Coverage closure isn’t done when the number hits 100%
DESIGN VERIFICATION · ARTICLE 03 OF 06
Coverage closure isn’t done when the number
hits 100%
Your functional coverage report says 100%. Your manager wants to
tape out. You’re not sleeping well. Here’s why — and what to do about it.
Coverage closure is one of the
most misunderstood milestones in design verification. Not because the concept
is complicated — measure what you’ve tested, keep going until you’ve tested
enough — but because the number that represents it, the percentage on a
dashboard, is far easier to trust than it deserves.
I’ve seen projects tape out
with 100% functional coverage and come back from the fab with silicon bugs that
were, in retrospect, entirely predictable. Not because the simulation didn’t
run. Because the coverage model didn’t ask the right questions.
This article is about the
difference between coverage that is complete and coverage that is correct. It’s
also about the sign-off criteria that are actually worth defending in a review
— and the ones that give you a number without giving you confidence.
The number is not the answer
Functional coverage works like
this: you define a model of the scenarios you want to exercise, run
constrained-random tests until those scenarios are exercised, and report the
percentage of defined scenarios that were hit. When that number reaches 100%, you
declare closure.
The problem is embedded in the
first step. You define a model of the scenarios you want to exercise. The
coverage number tells you how much of your model you’ve covered. It says
nothing — nothing at all — about whether your model captured what actually needed
to be tested.
A coverage model is a claim about what matters. 100% closure
means you proved that claim. It does not validate the claim itself.
This is not an abstract
concern. It manifests in specific, recurring ways on real projects:
•
A model that covers every individual field value but
never crosses the fields that interact. The address field is covered. The
burst-type field is covered. The combination of maximum-length burst to a
near-boundary address — the case that triggers the wrap logic — is never hit.
•
A model that covers legal stimulus but omits the
boundary between legal and illegal. The spec says burst length must be between
1 and 256. The coverage model has bins for 1, 2–7, 8–31, 32–255, and 256.

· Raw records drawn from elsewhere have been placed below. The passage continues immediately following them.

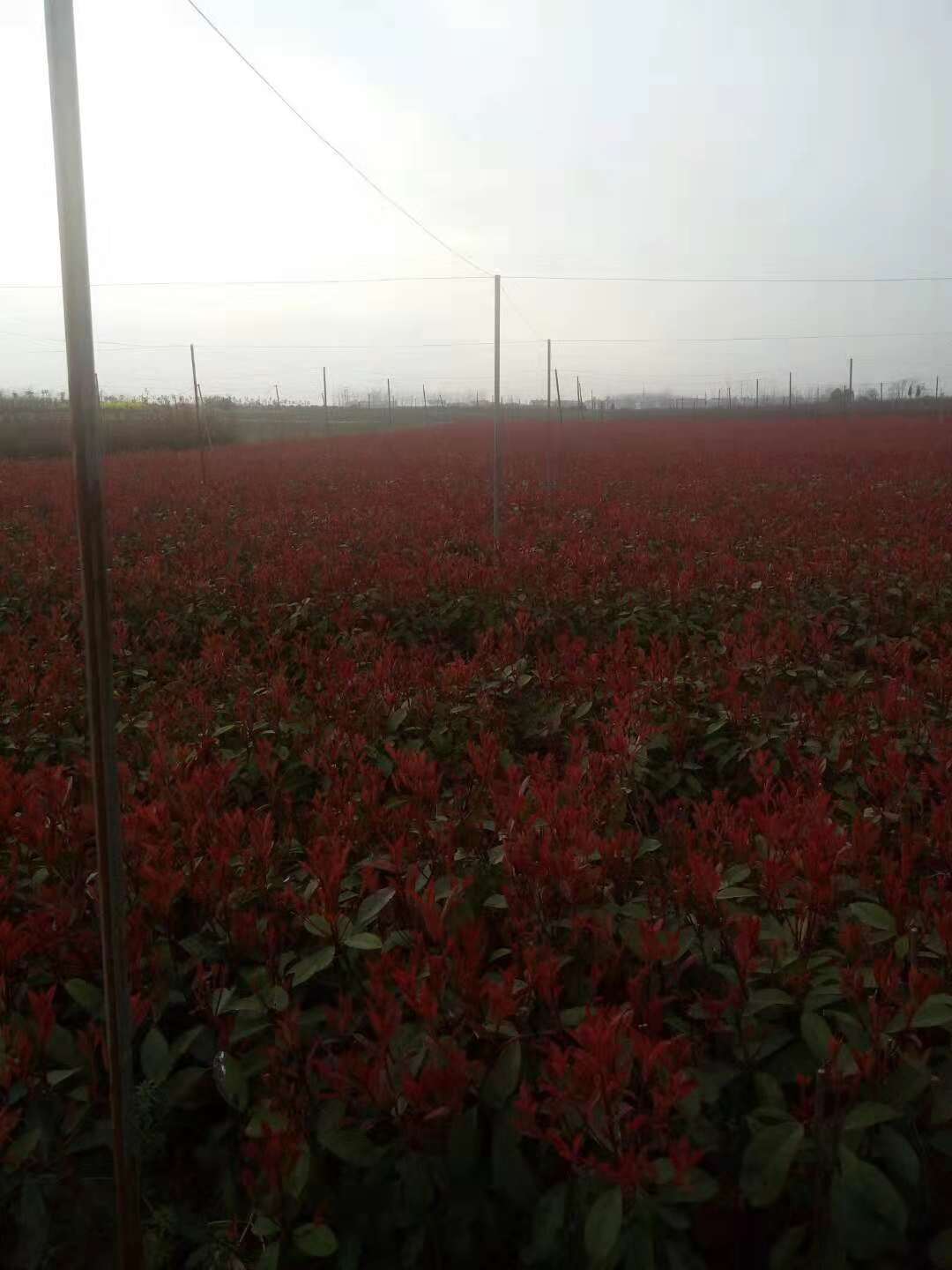 紅葉石楠小苗的種植方法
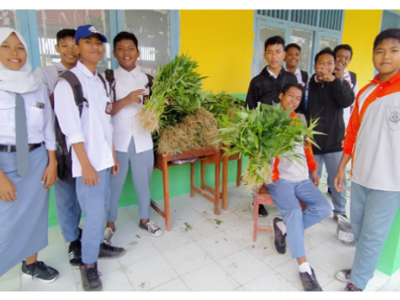 Hasil Panen Sayuran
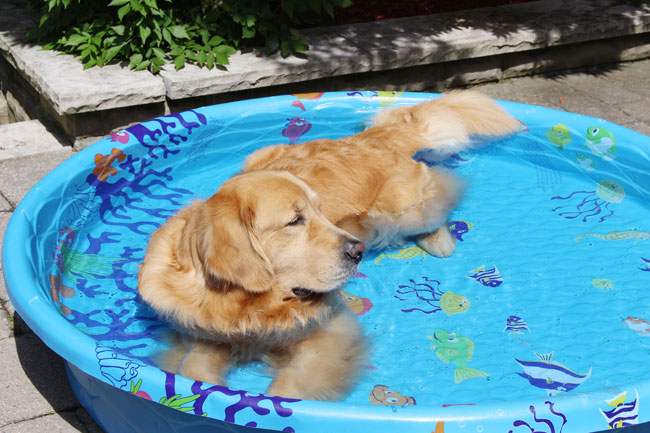 Acer stretched out in his pool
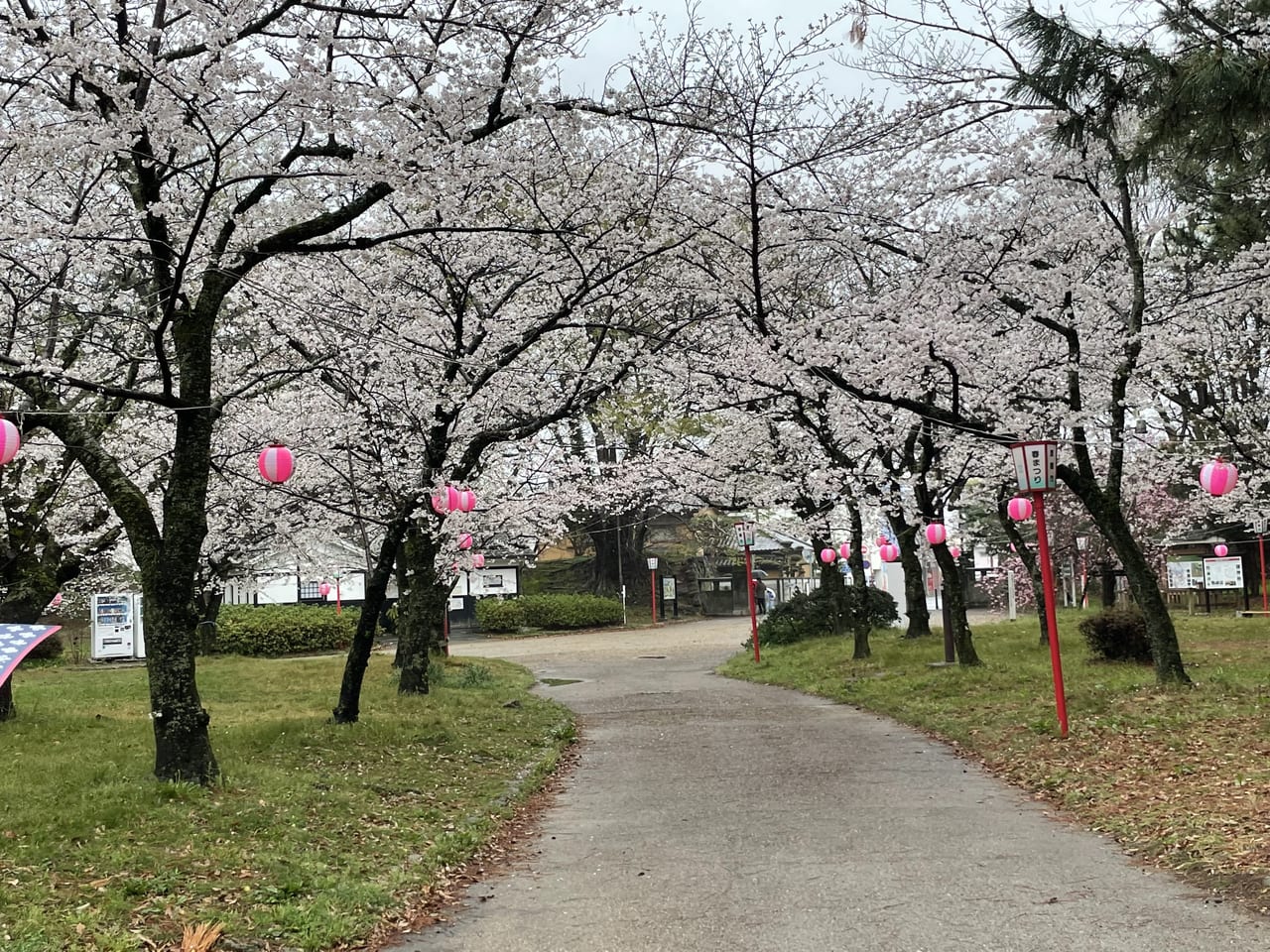 終了しました】「春まつり（さくら）」開催中｜最新情報【 2022.03 】｜ええじゃないか豊橋｜豊橋の観光とお土産ガイド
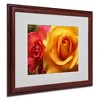 Trademark Fine Art -Monica Fleet 'Ideal Balance' Matted Framed Art - 2 of 4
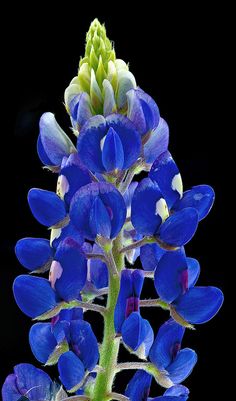 a close up of a blue flower on a black background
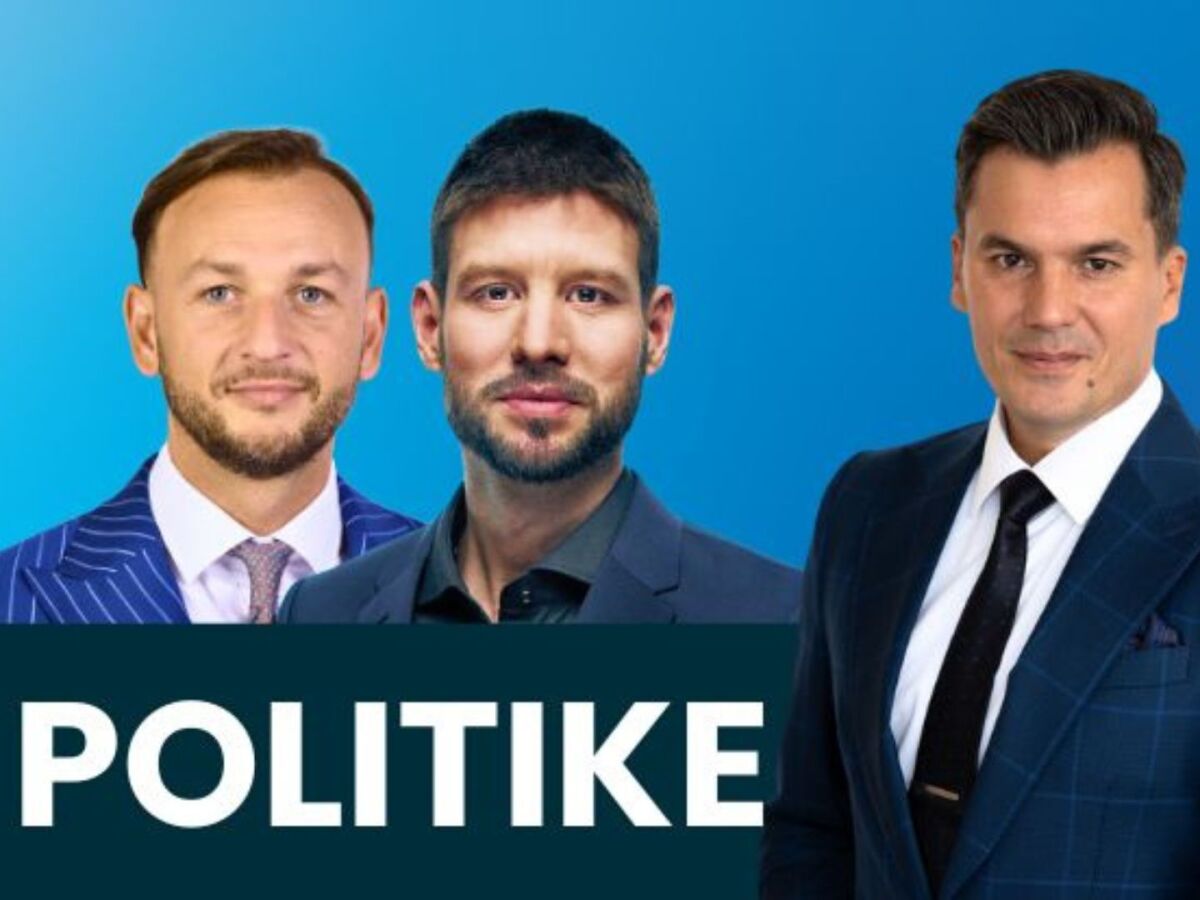 v-politike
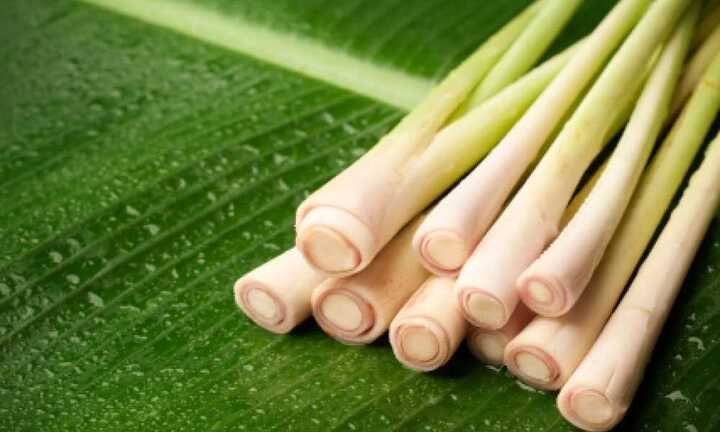 Nên trồng 'cây thần' này trong nhà vào mùa đông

Nobody defined what happens when the DUT receives length 0 or 257, and nobody
modeled whether the DUT’s error-handling path was ever exercised.
•
A model that was written once at the start of the
project and never updated when the spec changed. The RTL grew three new
operating modes. The coverage model still reflects the original two.
•
A model where trivially-satisfiable bins dominate. A
32-bit address field with auto-binning generates thousands of bins that random
stimulus will hit in the first hundred transactions. These bins inflate the
total bin count, making meaningful bins — the ones that require targeted
stimulus — a small fraction of the reported percentage.
In each of these cases, 100%
closure is achievable and meaningless.
Coverage completeness vs. coverage correctness
It helps to separate two
distinct properties of a coverage model:
Coverage completeness is what
the percentage measures. Given the bins you’ve defined, have all of them been
hit? This is a well-defined, automatable question with a clean answer.
Coverage correctness is the
question the percentage cannot answer. Do your bins capture the scenarios that
could reveal bugs in this design? This requires judgment, knowledge of the
spec, and understanding of the DUT’s failure modes.
Completeness is measurable. Correctness requires a human who
knows what could go wrong.
Most coverage sign-off
processes focus entirely on completeness. This is understandable — completeness
is objective, trackable, and produces a number that fits on a slide.
Correctness requires reviewing the coverage model itself, which is slower,
harder to automate, and requires the reviewer to hold the spec and the DUT
architecture in their head simultaneously.
But correctness is where the
value is. A small, correct coverage model is vastly more useful than a large,
complete one that missed the important scenarios.
What 100% won’t show you
Let’s look at the specific
classes of scenario that functional coverage consistently fails to capture,
even at 100%.
Unexercised corner cases at field interactions
Most coverage models define
coverpoints for individual fields and then — if you’re disciplined —
cross-coverage between pairs of fields. But real bugs often live at the
intersection of three or more conditions that no individual coverpoint
captures.
// This model looks thorough. It is not.
covergroup cg_write_txn;
cp_addr: coverpoint addr {
bins low = {[0:32'hFFFF]};
bins mid = {[32'h10000:32'hFFFEFFFF]};
bins high = {[32'hFFFF0000:32'hFFFFFFFF]};
}
cp_len: coverpoint len { bins short = {[1:15]}; bins long = {[16:256]}; }
cp_type: coverpoint txn_type { bins rd = {READ}; bins wr = {WRITE}; }
cx_type_len: cross cp_type, cp_len; // 4 bins: covered quickly
// Missing: the triple cross of type x len x addr
// A WRITE of length 256 to addr > 0xFFFF0000 wraps the address space.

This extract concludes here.